The Department of Culture, Media and Sports has just completed a 12-month research project on Local Infrastructure across the UK.

The headline themes are detailed here:

  • Across the UK there was considered no agreed definition of Infrastructure. Infrastructure and its role appear to be agreed locally, against local priorities and needs.
  • Infrastructure was identified to have five functions: facilitating funding, organisational development, advocacy, volunteering, and community participation, and convening or representation.
  • The most direct benefits from Infrastructure accrue to frontline VCSE organisations; with benefits to local communities through stronger frontline organisations and increased volunteering activities; and statutory bodies gain a greater insight of local needs, improvements in commissioning processes and local policy decisions.

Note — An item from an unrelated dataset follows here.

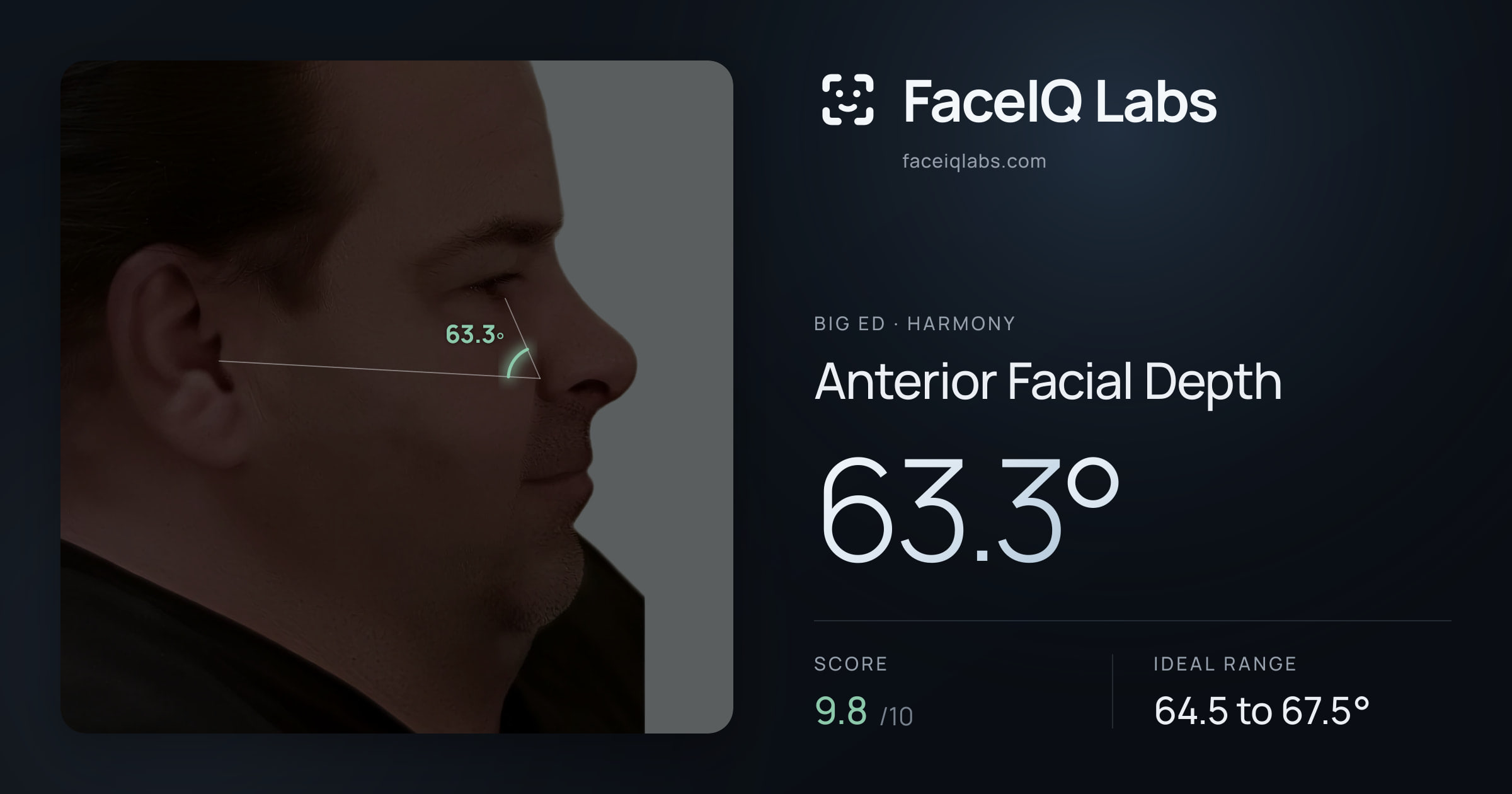 Big Ed Anterior Facial Depth: 63.3°, drawn on the photo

The most important factor in the quality of Infrastructure provision is being knowledgeable about the local area.
  • Infrastructure organisations were seen as an effective bridge that can support open and honest communication between the VCS and public bodies especially in context of funding or commissioning relationships. Infrastructure activities led to three broad outcome pathways of: better targeted resources, improved policy making, and increased community trust, empowerment and belonging.
  • There are no simple or straightforward answers to the question of how best to organise, support and strengthen local Infrastructure. Infrastructure works best when there is a close relationship with the public sector. This is easiest to achieve when decision-makers in local government and health systems take a strategic interest in Infrastructure that comes from a recognition of its value and its ability to contribute to their own priorities.
  • Strengthening Infrastructure will almost certainly continue to rest on taking a local first approach and on ensuring that any reform is delivered with patience, sufficient resource and recognition of local concern and sensitivities. Enabling strong Infrastructure is based on a combination of factors: funding, local knowledge, effective relationships, and support.

SAWN’s comments:

There is nothing new about these headline themes. Most worrying is that after many decades of having Infrastructure across the UK the DCMS have not worked with local organisations to arrive at a definition. The very fact that there isn’t one nationally is a weakness and detracts against the fantastic work that Infrastructure organisations do across the UK. SAWN is clear about the essential aspects of its work: Supporting Community organisations to survive and thrive: Delivering volunteering initiatives: Advocating for the sector (never more needed in these challenging times): Representing the sector as honest brokers and proffering the VCS as a solution to some of the issues the Local Authority and out Health colleagues face. Infrastructure needs support though: It needs support from the rest of the VCS so we can stand together and exert pressure on our systems to examine us in closer detail and use us as agents of service delivery. It also needs funding appropriately. You cannot make a silk purse out of a sow’s ear, and as more of the VCS is required to prop communities, Infrastructure needs to be there to provide that wrap around support.